## WHAT THIS TASK INVOLVES
Would you copy exactly the lines in the data below from the one that has "Techni-Pro TST-FT-2X36-ORANGE" through the one that has "1949 Chevrolet Foldout-09", dropping any pictures?

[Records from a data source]
==============================

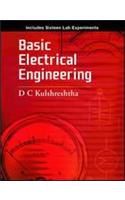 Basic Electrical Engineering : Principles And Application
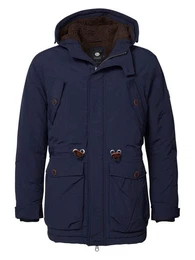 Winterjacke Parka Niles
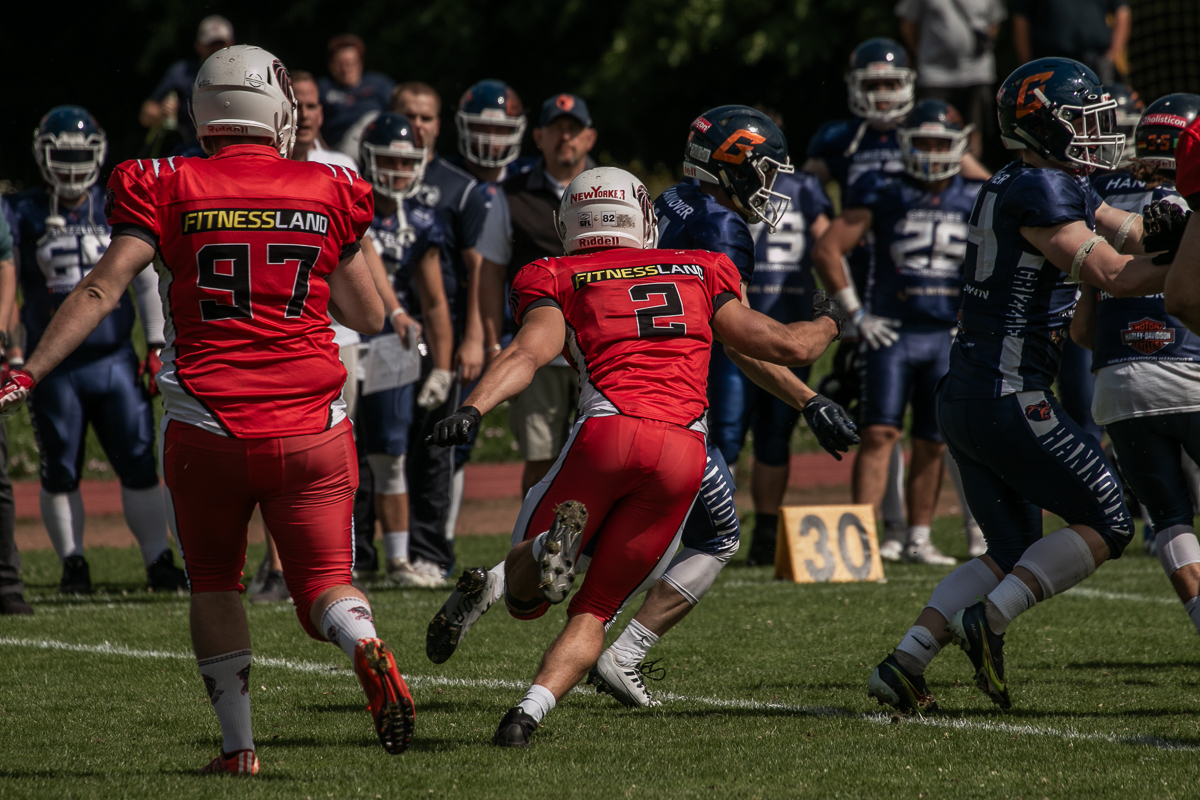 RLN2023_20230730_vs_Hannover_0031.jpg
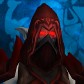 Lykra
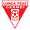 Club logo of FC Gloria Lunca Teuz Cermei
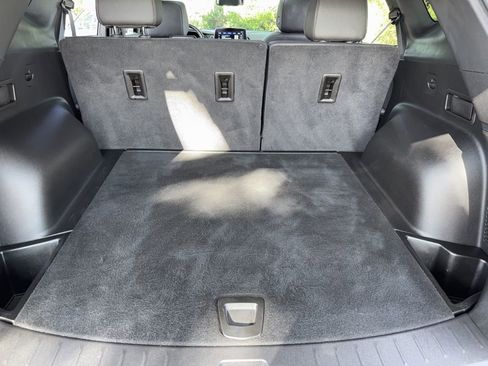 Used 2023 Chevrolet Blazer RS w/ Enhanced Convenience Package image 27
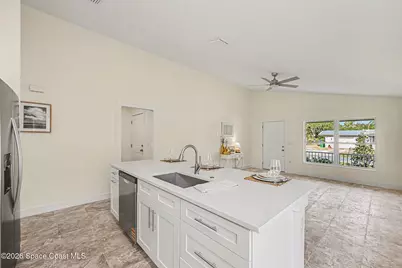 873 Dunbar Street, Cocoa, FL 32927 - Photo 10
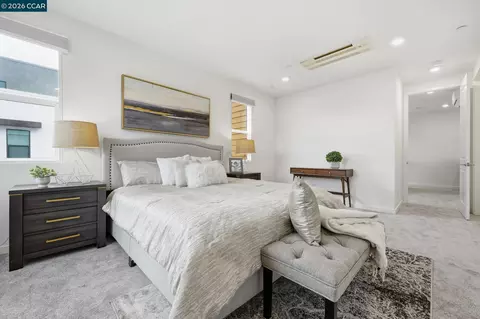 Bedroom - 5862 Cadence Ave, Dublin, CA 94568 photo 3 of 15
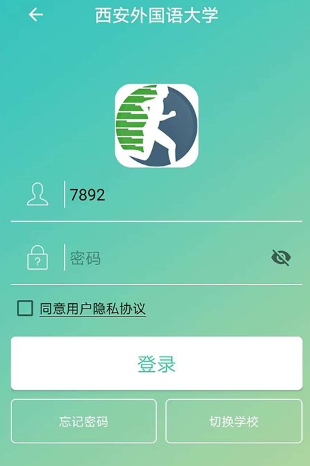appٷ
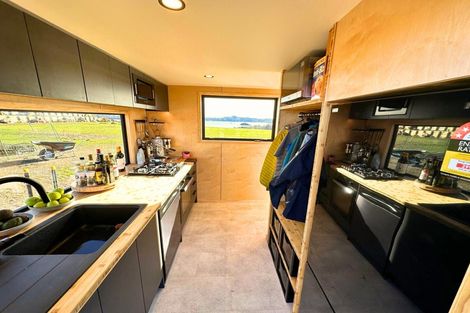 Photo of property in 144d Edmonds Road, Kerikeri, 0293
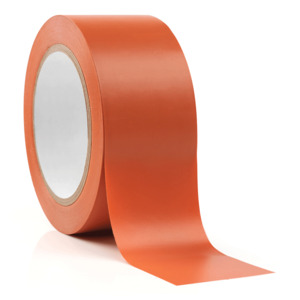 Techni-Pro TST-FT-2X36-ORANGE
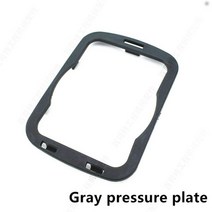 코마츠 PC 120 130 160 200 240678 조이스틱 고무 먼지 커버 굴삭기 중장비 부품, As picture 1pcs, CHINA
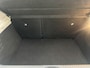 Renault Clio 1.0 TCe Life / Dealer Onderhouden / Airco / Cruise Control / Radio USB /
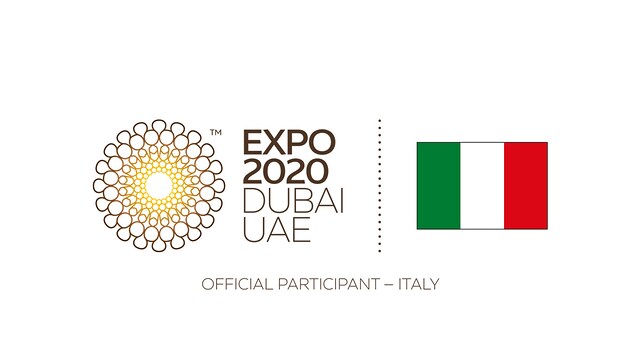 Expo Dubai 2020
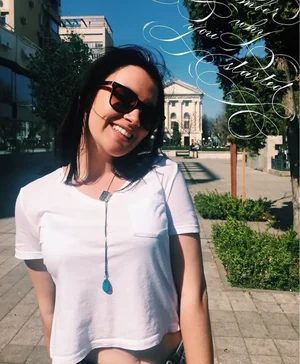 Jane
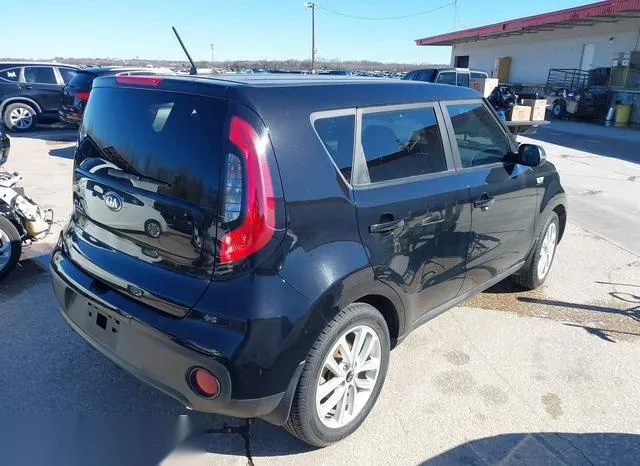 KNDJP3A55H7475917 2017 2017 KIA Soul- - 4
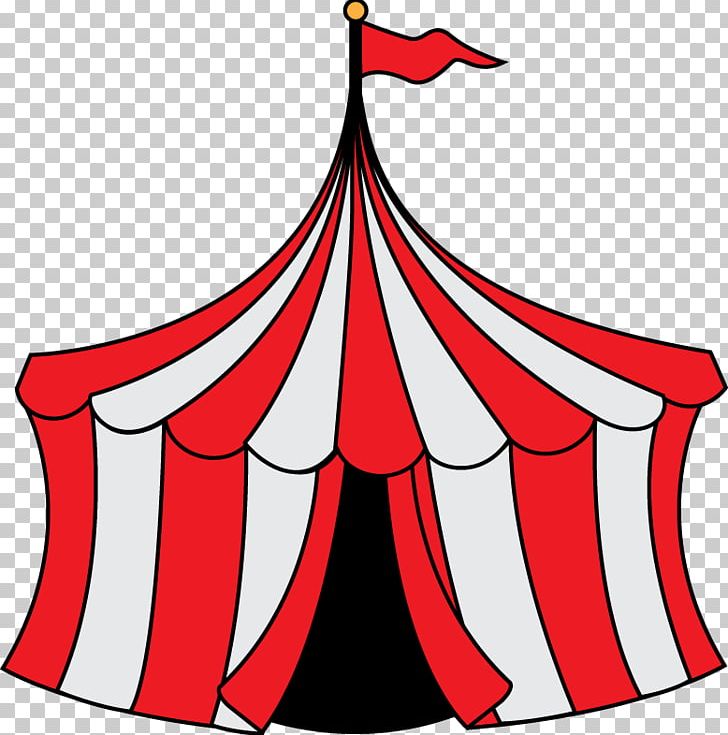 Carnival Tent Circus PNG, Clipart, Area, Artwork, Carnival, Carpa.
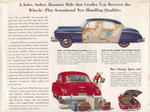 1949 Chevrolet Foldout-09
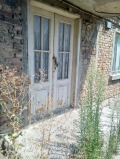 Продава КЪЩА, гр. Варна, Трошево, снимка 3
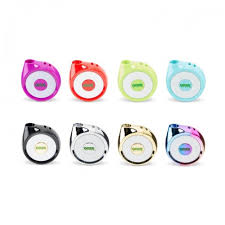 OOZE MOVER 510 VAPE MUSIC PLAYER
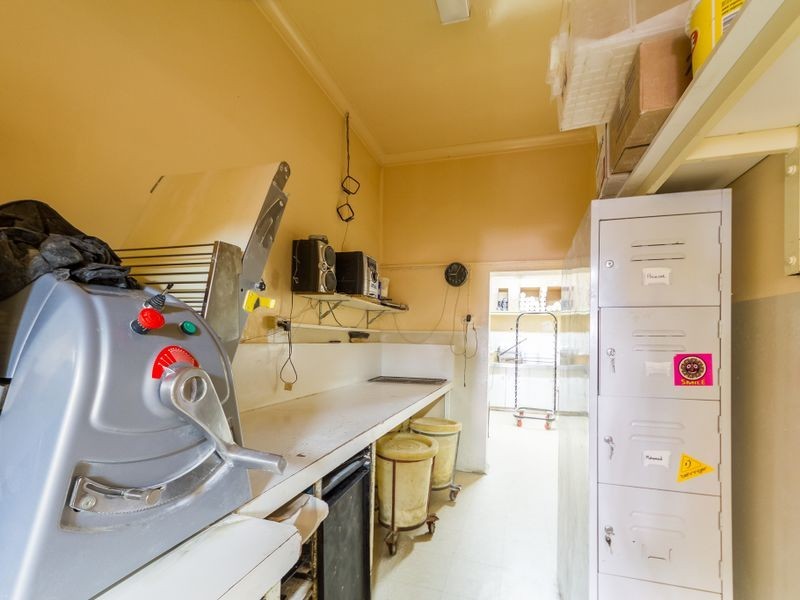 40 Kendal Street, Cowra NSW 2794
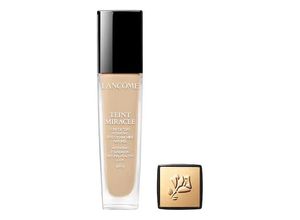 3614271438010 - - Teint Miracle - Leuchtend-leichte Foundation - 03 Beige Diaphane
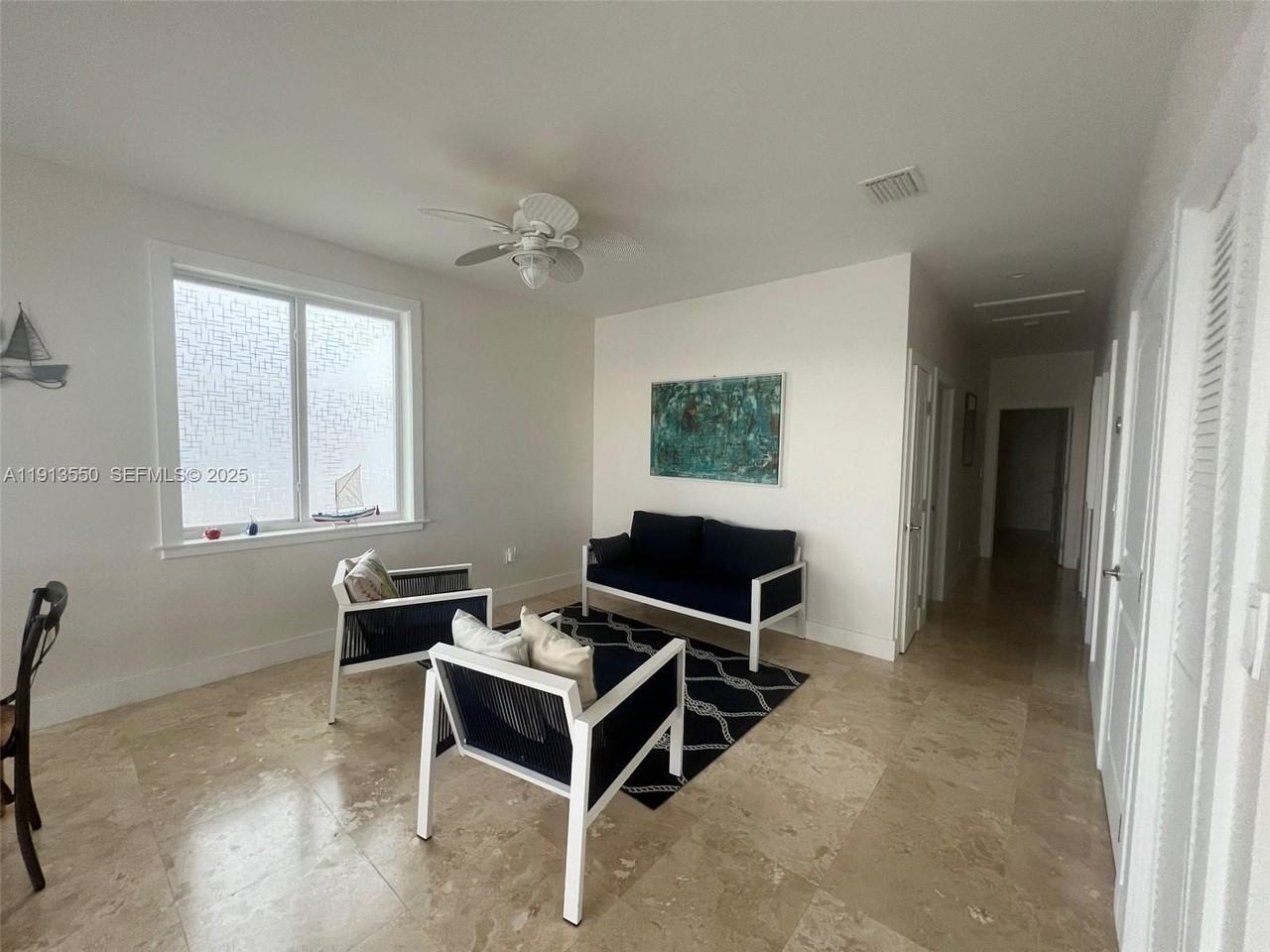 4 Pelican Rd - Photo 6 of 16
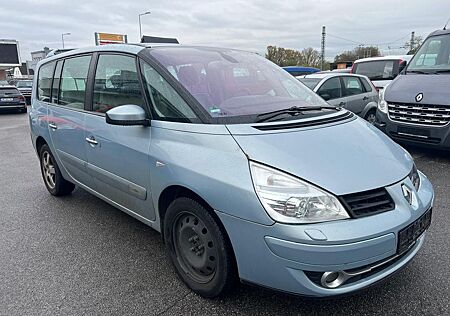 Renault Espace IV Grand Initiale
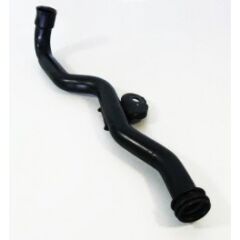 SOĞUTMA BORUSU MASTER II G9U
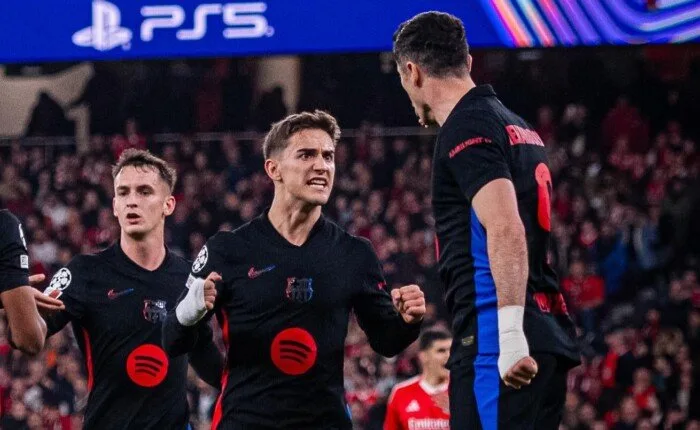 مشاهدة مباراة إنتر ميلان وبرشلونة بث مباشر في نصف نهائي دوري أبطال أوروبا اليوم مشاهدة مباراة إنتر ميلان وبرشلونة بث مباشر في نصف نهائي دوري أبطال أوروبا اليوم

==============================

## OUTPUT BELOW
 Techni-Pro TST-FT-2X36-ORANGE
 코마츠 PC 120 130 160 200 240678 조이스틱 고무 먼지 커버 굴삭기 중장비 부품, As picture 1pcs, CHINA
 Renault Clio 1.0 TCe Life / Dealer Onderhouden / Airco / Cruise Control / Radio USB /
 Expo Dubai 2020
 Jane
 KNDJP3A55H7475917 2017 2017 KIA Soul- - 4
 Carnival Tent Circus PNG, Clipart, Area, Artwork, Carnival, Carpa.
 1949 Chevrolet Foldout-09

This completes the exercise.